Misc #14735
openthread-safe operations in a hash could be documented
Description
Hi, sometimes I find myself fetching data from the database through multiple queries concurrently. For example, suppose the application support multiple data-types which are independent from each other and we need to perform a set of operations per data-type. Usually I'd run one method for extracting the related data per data-type and would run them concurrently. Something like this:
require 'thread'
result = {} # assume this is thread-safe in MRI for now
data_types.map do |data_type, processor|
Thread.start{ result[data_type] = processor.call }
end.each &:join
This code is quite simple and seems to always work with MRI. A more explicit equivalent code that should also work on other Ruby implementations without GIL would be probably written like:
require 'thread'
result = {}
result_semaphore = Mutex.new
data_types.map do |data_type, processor|
Thread.start do
result_for_data_type = processor.call # expensive call
result_semaphore.synchronize{ result[data_type] = result_for_data_type }
end
end.each &:join
As you can see, it's much more code than the previous one. As I said initially, I use such pattern every now and then, so I'd love to be able to write the first code and being confident that it would always work as expected in MRI.
I've tried the following in order to see if I could cause an thread-unsafe case with MRI but it always return "[ 100000, 100000, nil ]":
require 'thread'
h = {}
(1..100000).map do |i|
Thread.start{ h[i] = i }
end.each &:join
p h.keys.uniq.size, h.values.uniq.size, h.find{|k, v| k != v }
Is it just by chance? Or may I assume that will always be the case. Maybe it would be interesting to document somewhere what could be assumed to be true regarding thread-safeness for many methods.

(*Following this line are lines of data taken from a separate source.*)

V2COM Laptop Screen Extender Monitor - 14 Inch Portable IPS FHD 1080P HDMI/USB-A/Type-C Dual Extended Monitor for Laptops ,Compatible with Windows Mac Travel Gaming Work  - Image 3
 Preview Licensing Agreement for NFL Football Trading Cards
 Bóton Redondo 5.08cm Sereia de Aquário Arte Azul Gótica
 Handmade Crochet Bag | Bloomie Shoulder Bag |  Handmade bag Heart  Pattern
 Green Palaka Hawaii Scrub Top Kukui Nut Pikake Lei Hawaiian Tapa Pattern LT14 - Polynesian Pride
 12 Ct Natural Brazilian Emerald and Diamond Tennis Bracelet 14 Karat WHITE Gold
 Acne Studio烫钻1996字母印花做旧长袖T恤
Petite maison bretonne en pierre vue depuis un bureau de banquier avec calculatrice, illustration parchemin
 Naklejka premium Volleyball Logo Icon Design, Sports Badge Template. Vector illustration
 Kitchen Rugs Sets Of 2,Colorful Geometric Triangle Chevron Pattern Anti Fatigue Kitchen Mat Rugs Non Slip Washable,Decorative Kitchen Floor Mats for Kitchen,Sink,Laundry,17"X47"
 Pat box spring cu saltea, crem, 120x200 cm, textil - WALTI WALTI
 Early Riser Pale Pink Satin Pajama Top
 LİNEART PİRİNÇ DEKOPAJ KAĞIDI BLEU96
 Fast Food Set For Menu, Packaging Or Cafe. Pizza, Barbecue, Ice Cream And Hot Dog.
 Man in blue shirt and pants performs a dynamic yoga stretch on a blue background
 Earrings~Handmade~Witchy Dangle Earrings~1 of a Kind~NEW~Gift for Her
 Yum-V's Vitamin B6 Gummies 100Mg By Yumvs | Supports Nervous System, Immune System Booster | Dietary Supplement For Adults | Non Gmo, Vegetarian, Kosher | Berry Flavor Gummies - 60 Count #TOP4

For example, there could be some link in the Hash documentation such as: "If you'd like to understand how each method behave in a multi-thread environment read this document" and point to another page explaining how it works.
By the way, the 'concurrent' gem seems to assume Hash is thread-safe in MRI as you can see here:
https://github.com/ruby-concurrency/concurrent-ruby/blob/master/lib/concurrent/hash.rb#L5-L16
module Concurrent
if Concurrent.on_cruby?
class Hash < ::Hash;
end
#...
end
end
Is this officially documented somewhere?